=== STORED DATA ===
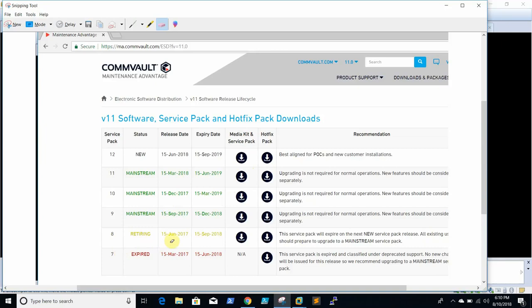As you can see, service pack 8 is getting retired on September 15th and service pack 7 is already retired. Commvault releases service packs every three months. The new service pack is 12, which is available for POCs and new customers. This screen is what you'll see when downloading the setup manually using the manual process.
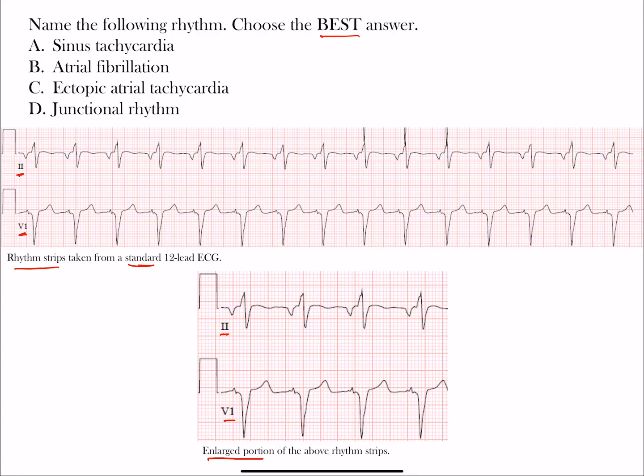Pause the video, try to choose the best answer, then restart and we'll go through it together. We're going to go through each one of these, making sure we know what the right answer is and also why the others are not correct — always going for understanding why we see what we see on the ECG.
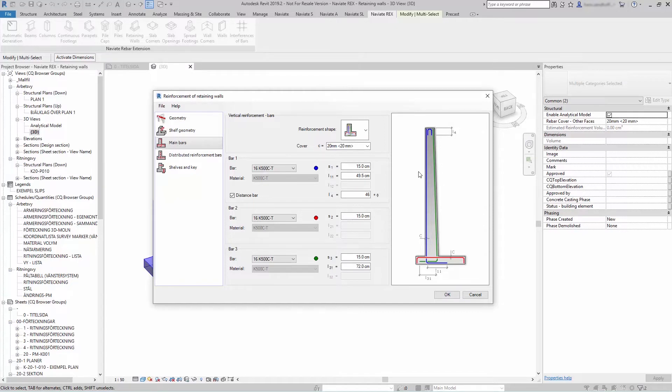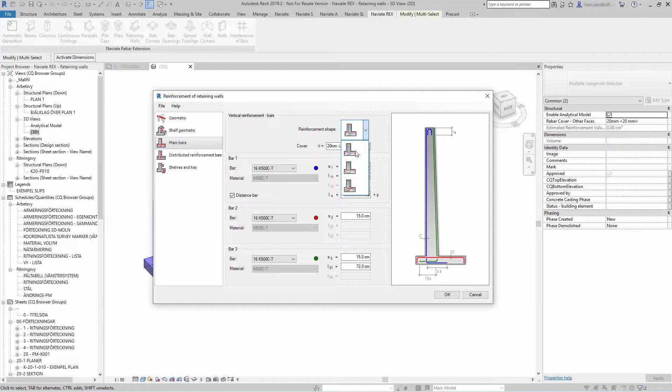Let's start reinforcing. On the main bars you can select the reinforcement shape you want to use in your retaining wall and the different bar types you want to use.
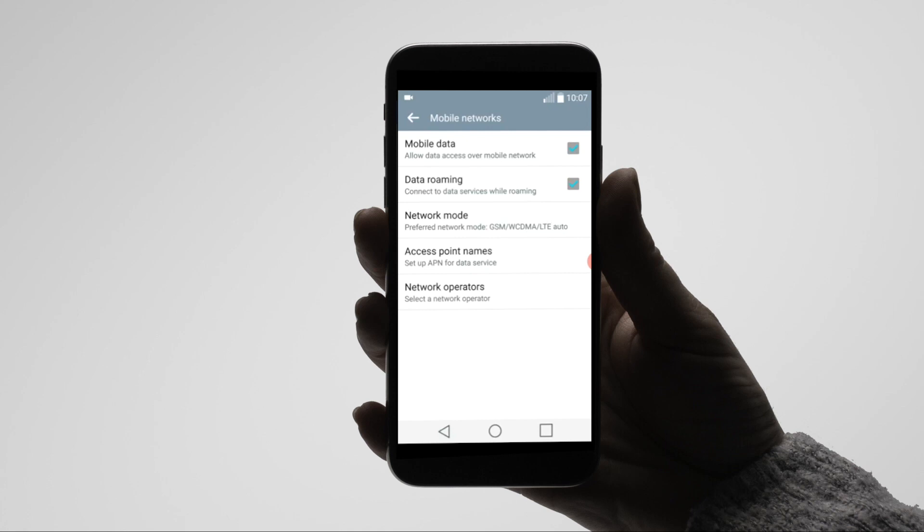Then you will need to set up the APN or access point name to enable mobile internet.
===
- WHAT YOU ARE ASKED TO DO -
The copy must begin with the line containing "Pause the video, try", end with the last line of the material, match each line exactly, and hold no pictures.

- WRITTEN ANSWER -
Pause the video, try to choose the best answer, then restart and we'll go through it together. We're going to go through each one of these, making sure we know what the right answer is and also why the others are not correct — always going for understanding why we see what we see on the ECG.
Let's start reinforcing. On the main bars you can select the reinforcement shape you want to use in your retaining wall and the different bar types you want to use.
Then you will need to set up the APN or access point name to enable mobile internet.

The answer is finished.